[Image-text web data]
______
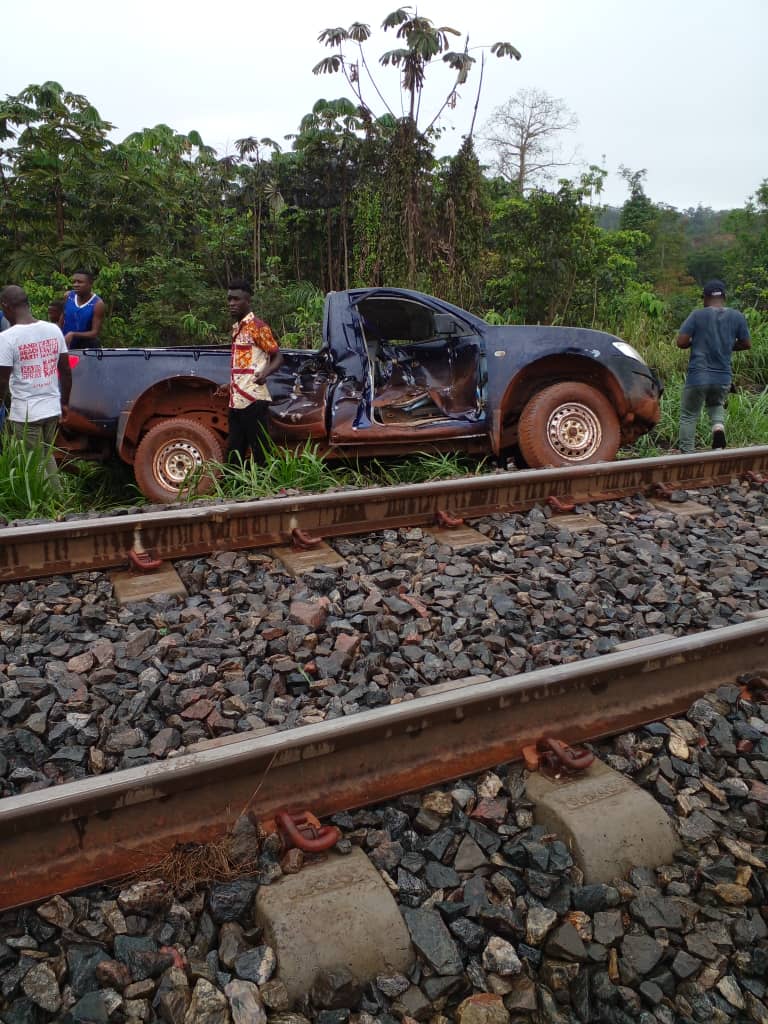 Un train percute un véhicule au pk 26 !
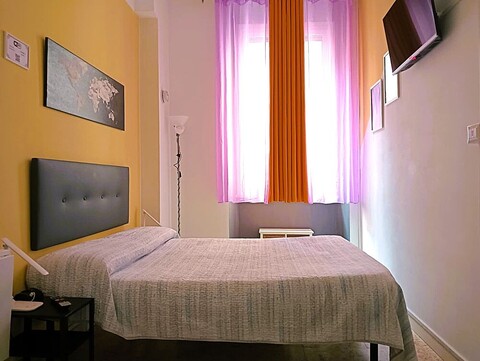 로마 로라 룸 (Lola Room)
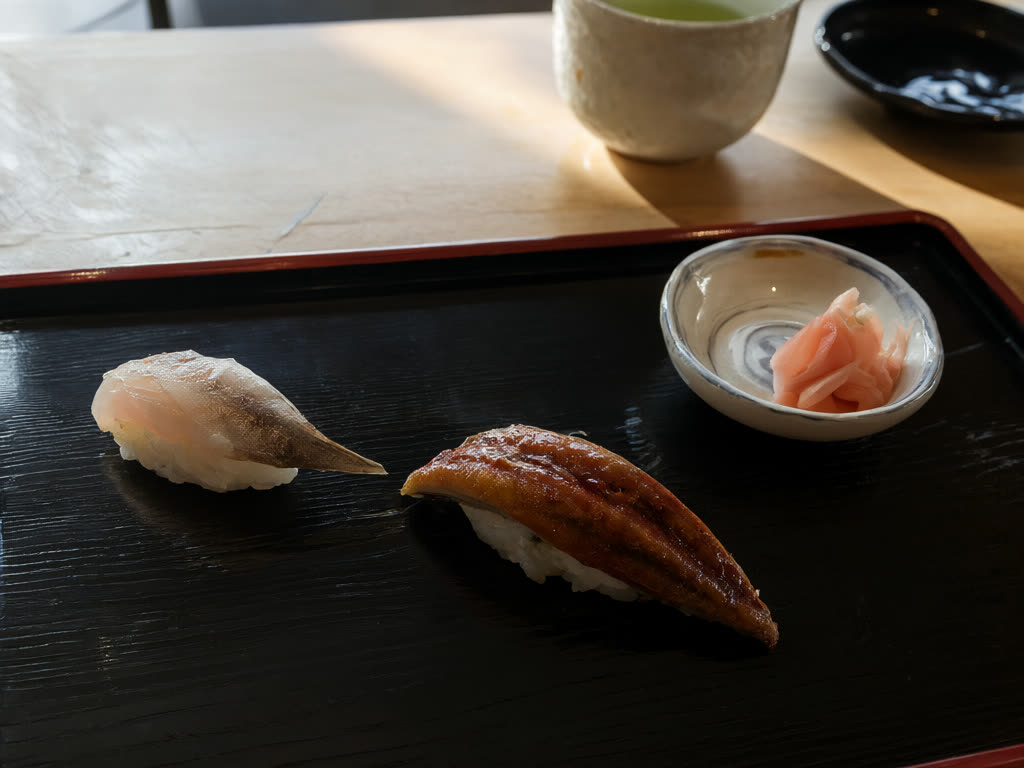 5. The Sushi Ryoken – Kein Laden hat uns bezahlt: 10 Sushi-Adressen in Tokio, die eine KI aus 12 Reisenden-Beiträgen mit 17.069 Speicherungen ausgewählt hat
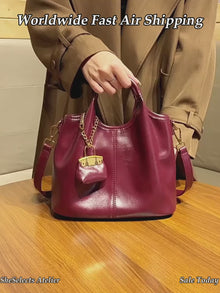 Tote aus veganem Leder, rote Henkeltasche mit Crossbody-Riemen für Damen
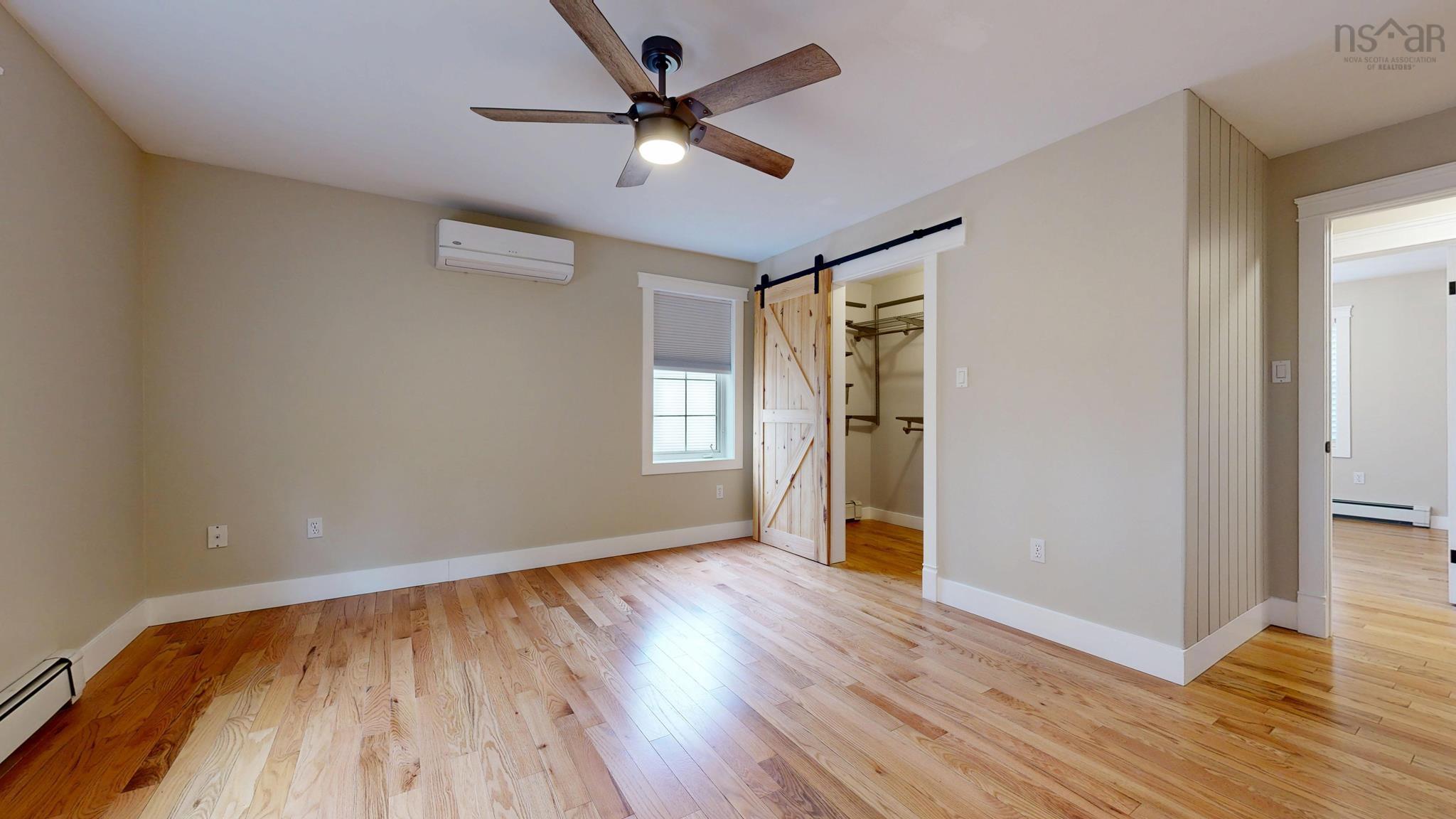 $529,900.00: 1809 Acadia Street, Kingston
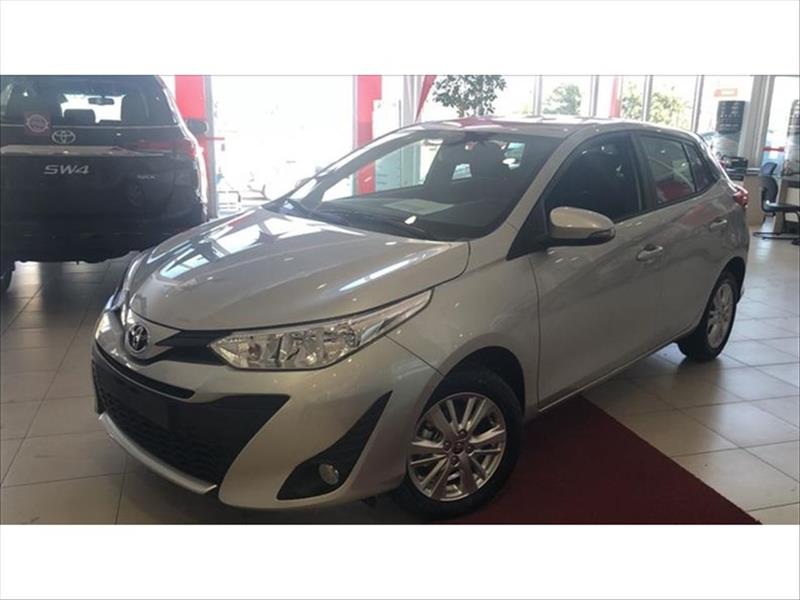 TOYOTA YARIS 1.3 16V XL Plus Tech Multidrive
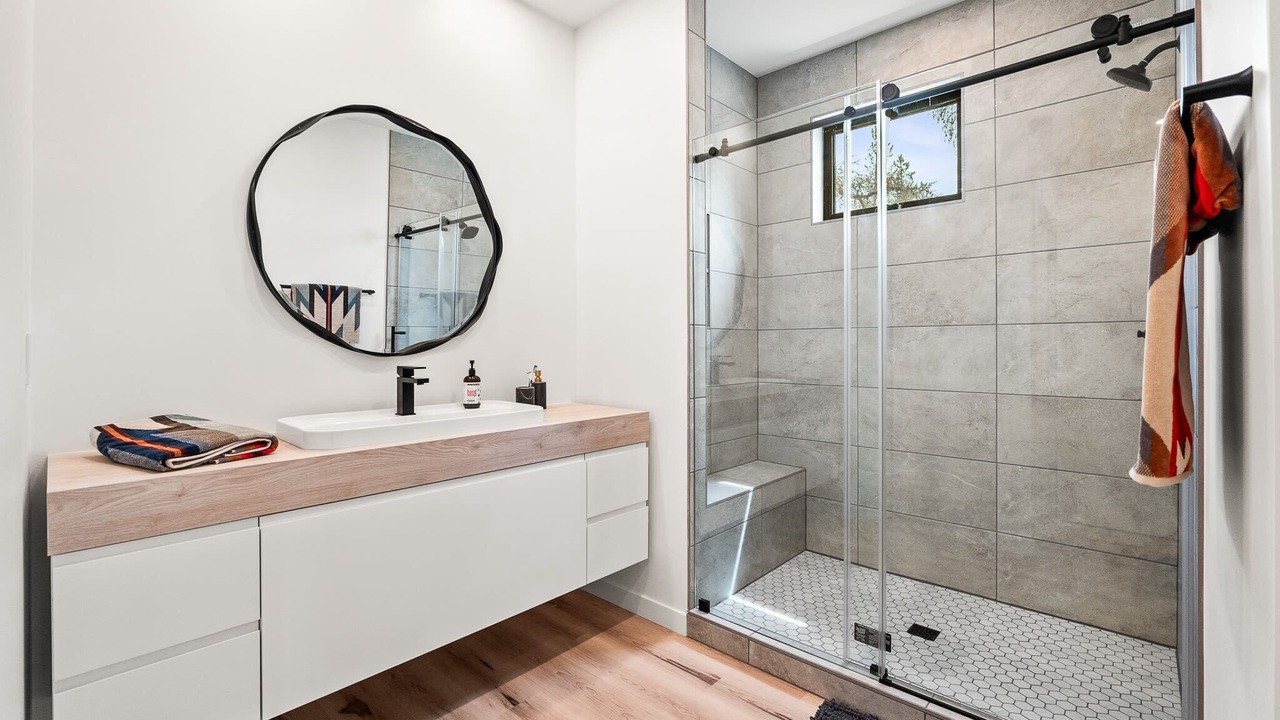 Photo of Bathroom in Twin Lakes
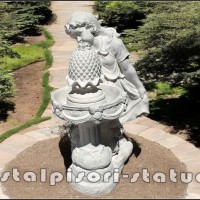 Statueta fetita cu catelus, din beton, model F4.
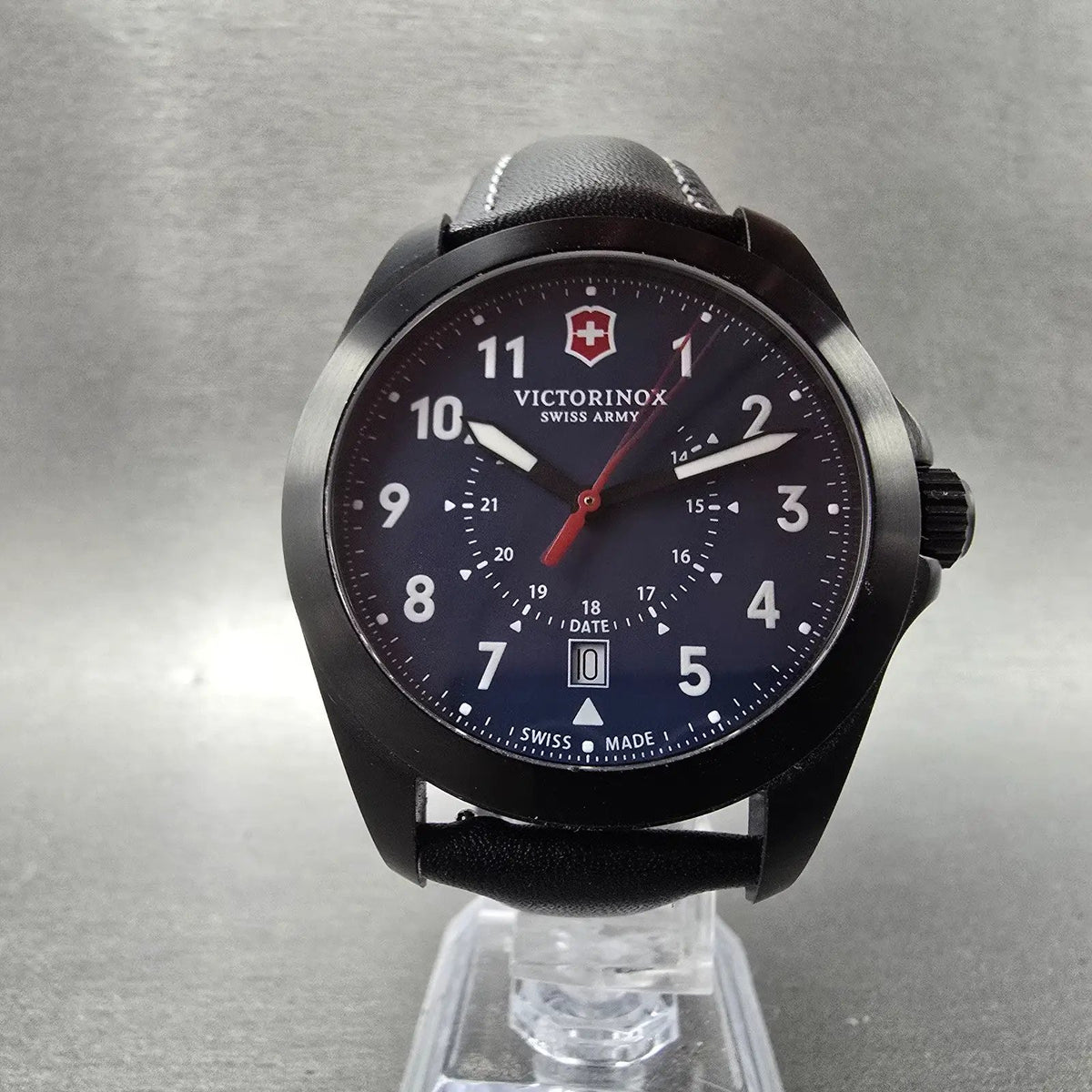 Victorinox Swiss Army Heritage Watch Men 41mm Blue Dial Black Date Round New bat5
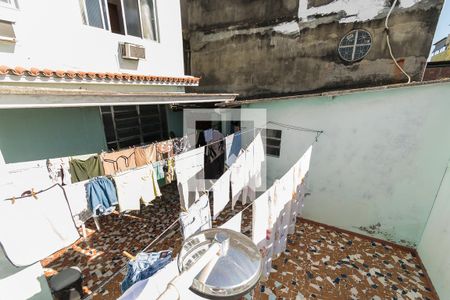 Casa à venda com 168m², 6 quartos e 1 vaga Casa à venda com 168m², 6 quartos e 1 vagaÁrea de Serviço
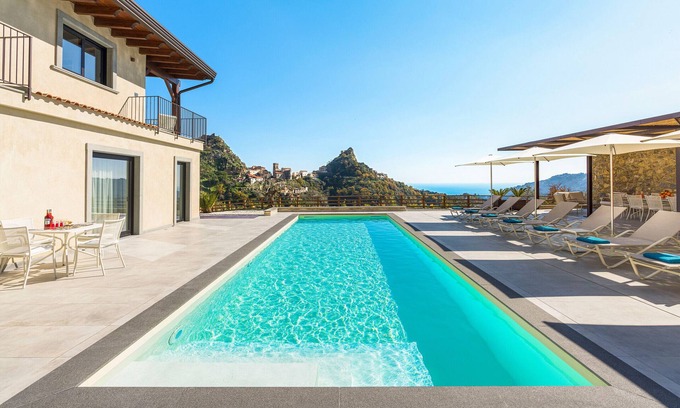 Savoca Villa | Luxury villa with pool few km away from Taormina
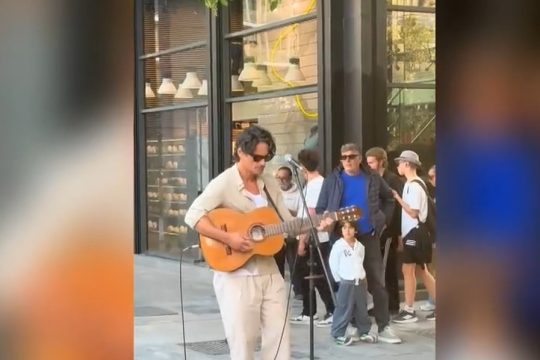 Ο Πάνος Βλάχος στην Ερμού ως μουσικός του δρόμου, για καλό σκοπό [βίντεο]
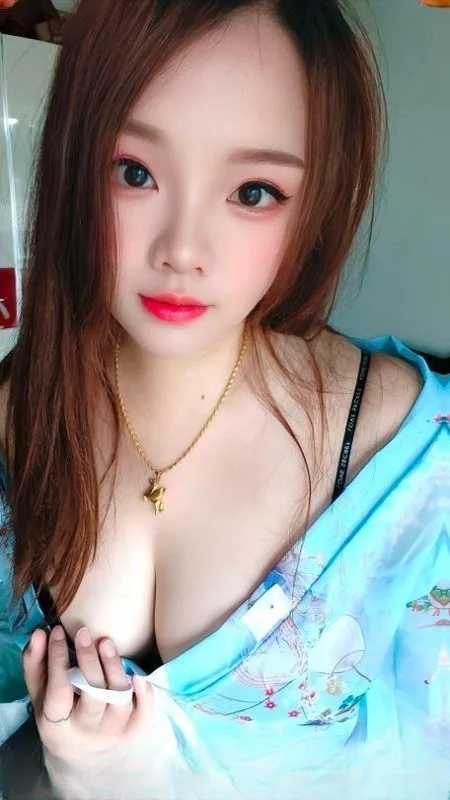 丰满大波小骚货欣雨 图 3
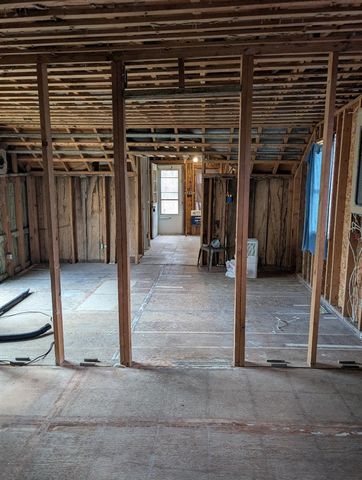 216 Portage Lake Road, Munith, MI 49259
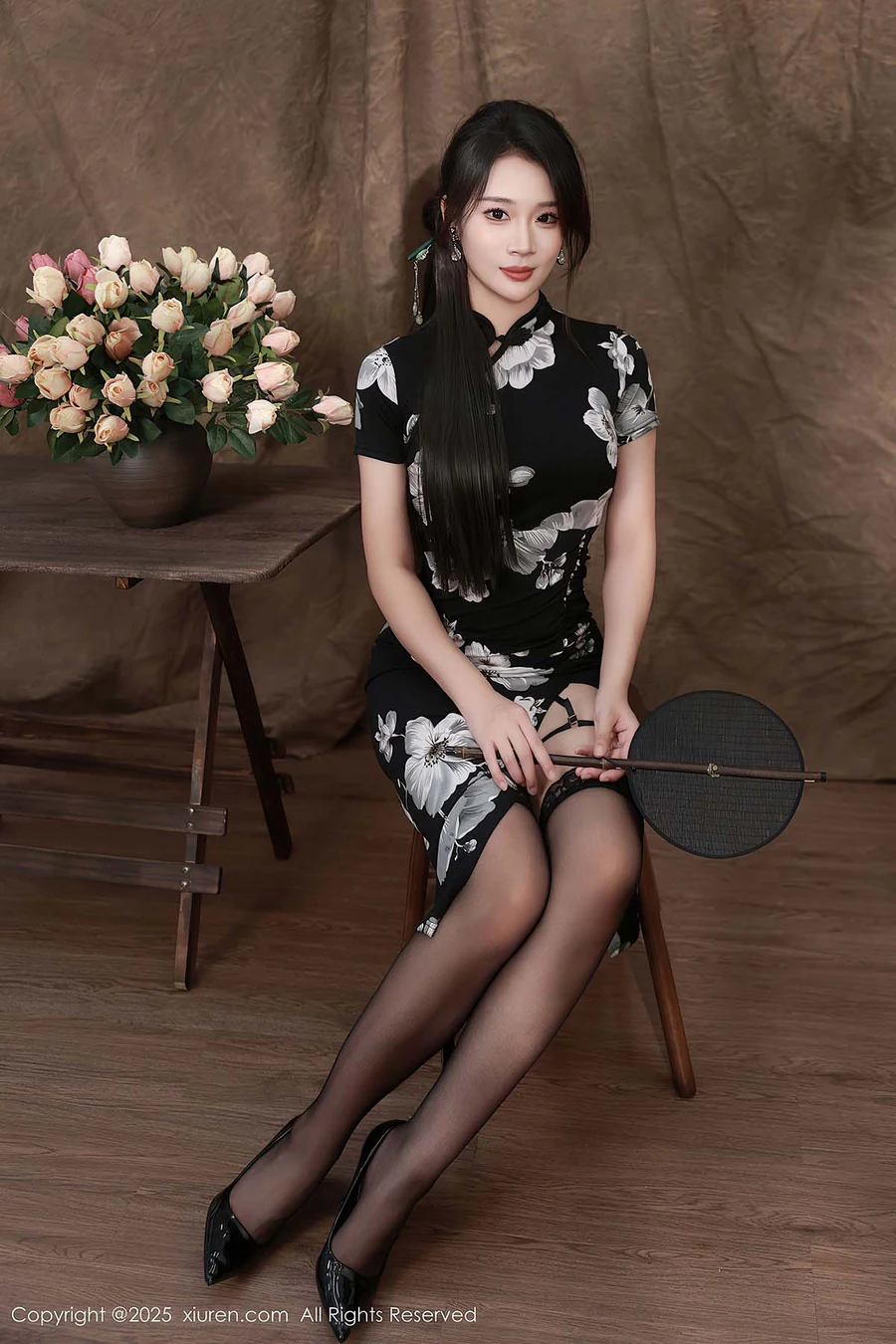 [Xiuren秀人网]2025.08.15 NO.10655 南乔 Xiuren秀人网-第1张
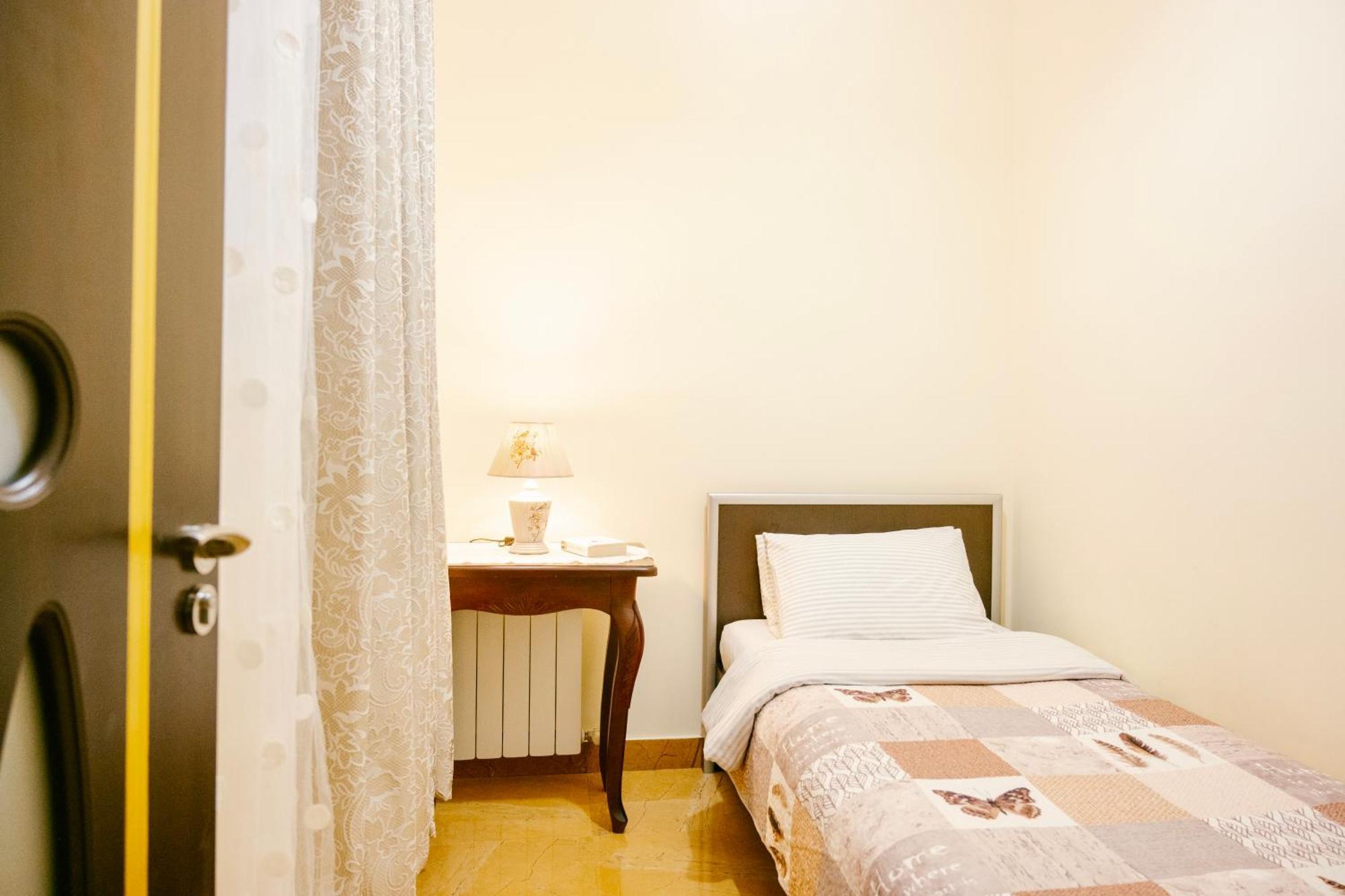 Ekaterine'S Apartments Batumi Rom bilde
______
Only the lines from the one that contains "Savoca Villa |" through the last line of the records may appear in the answer, retyped exactly and with no pictures.

 Savoca Villa | Luxury villa with pool few km away from Taormina
 Ο Πάνος Βλάχος στην Ερμού ως μουσικός του δρόμου, για καλό σκοπό [βίντεο]
 丰满大波小骚货欣雨 图 3
 216 Portage Lake Road, Munith, MI 49259
 [Xiuren秀人网]2025.08.15 NO.10655 南乔 Xiuren秀人网-第1张
 Ekaterine'S Apartments Batumi Rom bilde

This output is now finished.